①    だけできる人、②だけできる人はたくさんいるかもしれません。しかし、①②の両方できる人は、数が少なく、大変貴重な人材ということになります。

    例えば、英語の得意な人は、もう一つ違う言語をマスターしてみるとか、コンピューターが使えるようになるとか、世界の地理や文化に造詣が深いとか、もう一つの付加価値をつけてみるのはどうでしょうか。

 例えば、サッカーが好きな人は、スペイン語を勉強してスペインで「リーガ・エスパニョーラ」の取材をする記者を目指してみるとか、トレーニング理論を勉強して「FCバルセロナ」のトレーナーになるとか、考えていると夢が広がりませんか。実は、バルセロナはスペインの中でもカタルーニャ地方なので、カタルーニャ語なのですが。

 一つの分野を極めつつ、もう一つの分野にも手を出してみる。今夜、本屋に行って、分野を極めると、何や損や、ということにはなりません。

 

 

分かりやすい授業

分かりやすい授業

 生徒の皆さんは「分かりやすい」ということについて、考えたことがあるでしょうか。「分かりやすい授業」「分かりやすい説明」「分かりやすい話」どれも良いものに思いますよね。本当にそうでしょうか。

 香寺高校の先生方も、日夜「分かりやすい授業」をしようと頑張っておられます。私も理科、主として化学の授業をしていたときは、何とかして「分かりやすい授業」をしようと心がけていました。そのために、何をしていたかというと、「物事を単純に考える」「適切な比喩を取り入れる」「〇か、×かで答えを出す」というようなことです。今振り返ってみて、それは本当に正しかったのか、本当に分かりやすい授業になっていたのかな、と思っています。

 分かりやすく説明しようとするあまり、複雑なものを単純に見せたり、全く異なるものを比喩として取り入れたり、正解が〇か×か、という問いを出したりすることがありました。でもそれって、本来は複雑で分かりにくいものを、分かったような気にさせるだけだったのではないか、と思うようになりました。

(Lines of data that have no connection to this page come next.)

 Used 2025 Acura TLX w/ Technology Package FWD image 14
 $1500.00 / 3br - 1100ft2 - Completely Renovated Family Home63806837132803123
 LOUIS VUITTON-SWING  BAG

 というのも、高等学校までの「勉強」は、ある問題に対しては答えが一つに決まるものがほとんどです。しかし実際の社会における問題では、答えが複数個存在したり、0点の答えや100点の答えはなくて、Aの答えだと60点くらいで、Bの答えだと80点くらいかな、というようなことが、当たり前のように起こります。例えば「地球温暖化を防ぐ方法」とか「パレスチナとイスラエルの平和を実現する」とか「日本の原子力発電はどうすればよいか」「コロナを終息させる方法」これらの問題について、答えは「ない」か「分からない」か「いろいろある」です。ただし、多くの人々が解決に向けて取り組んで、研究をしている問題でもあります。ですから、あまりにも「分かりやすい話」というものは、どこかで「怪しいかもしれない」と思うようにすることが大切ではないか、と思っています。

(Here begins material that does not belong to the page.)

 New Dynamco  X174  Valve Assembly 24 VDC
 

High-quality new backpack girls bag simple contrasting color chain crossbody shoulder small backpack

 「分かりやすい」を求めると、コロナにかかりやすい、大学に受かりやすい、体重を測りやすい、漬物が漬かりやすい、かもしれません。

 

 

神風は吹かない

 

神風は吹かない

 兵庫県に発令されていた緊急事態宣言が、5月31日まで延長されることになりました。この先も不透明な社会情勢が続くことになりそうです。日経プレミアシリーズ「新型コロナとワクチン 知らないと不都合な真実」という新書が2020年12月に出版されており、非常に参考になります。この本によれば、新型コロナウイルスに対しては、

①        現状を一発で解決する逆転の秘策はない。 神風は吹かない。

②        うまくいってないのは、誰かがサボタージュや事実隠蔽をしているからではない。 犯人捜しをしてもダメ。

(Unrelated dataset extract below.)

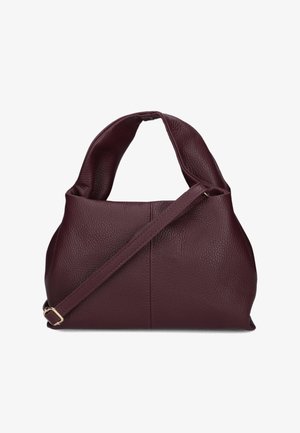 Sac à main en cuir bordeaux avec une finition texturée, doté d'une grande poignée supérieure et d'une bandoulière amovible pour des options de transport polyvalentes.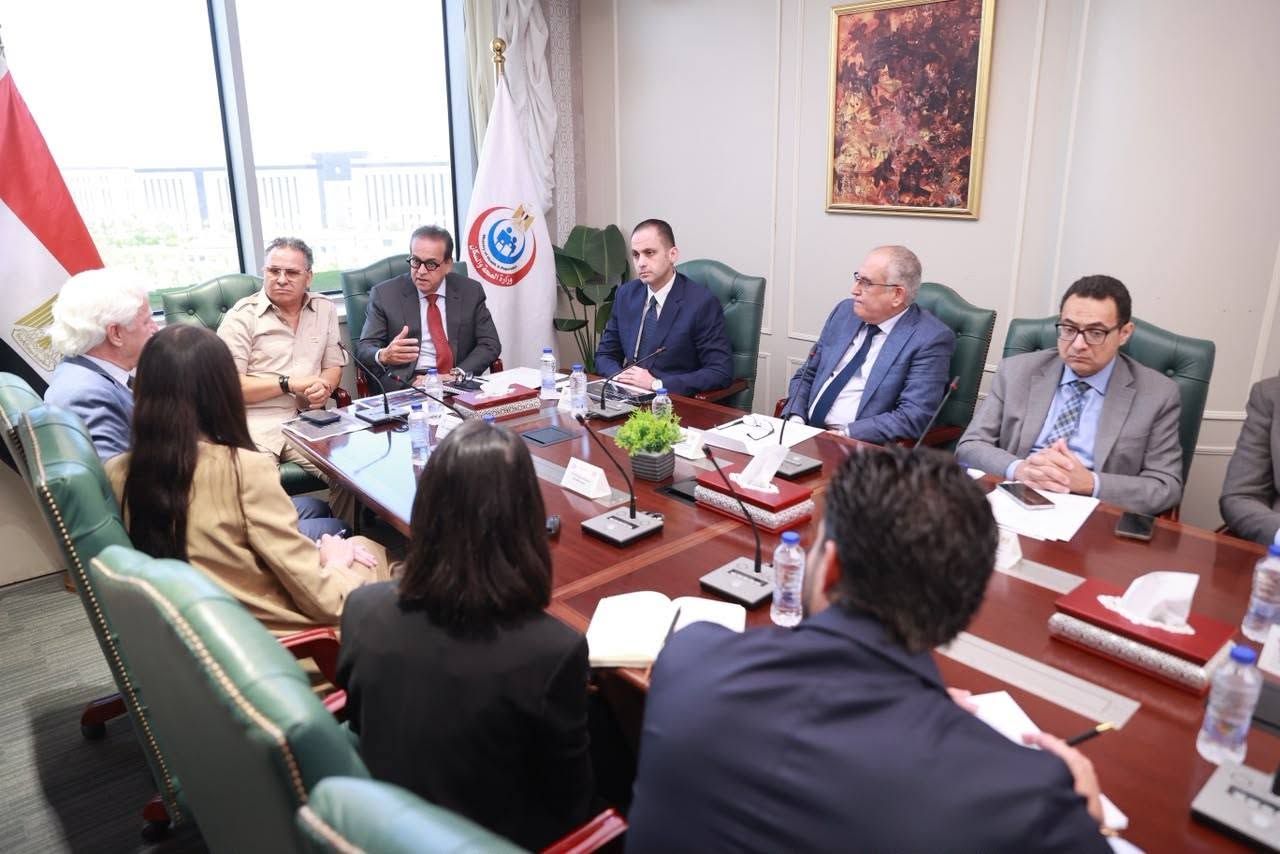 وزير الصحة يبحث مع مجموعة «سان دوناتو» الإيطالية معدلات تنفيذ مستشفى هليوبوليس الجديد وخطط الاستثمار المستقبلية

とあります。これまで通りの感染症対策を地道に続けることが大切であり、ウイルスやワクチン、免疫の基礎的な内容を解説した後、多くの情報に対して、私たちはどのように接していくのか、その態度や姿勢についてにも触れられています。

③        自分で考えるためには、個々人の「しなやかさと、強さ」が必要である。 「情報を簡単に信じる」「一度信じた情報を疑わない」姿勢は危険である。

 新型コロナに限らず、いわゆる情報リテラシーを身に着けることは大切です。何でもかんでもYouTubeとWikipediaに頼ることは、危険な場合もあるということです。危険を避けるためには、世間の間で、意見を戦わせて、保険をかけんといけんです。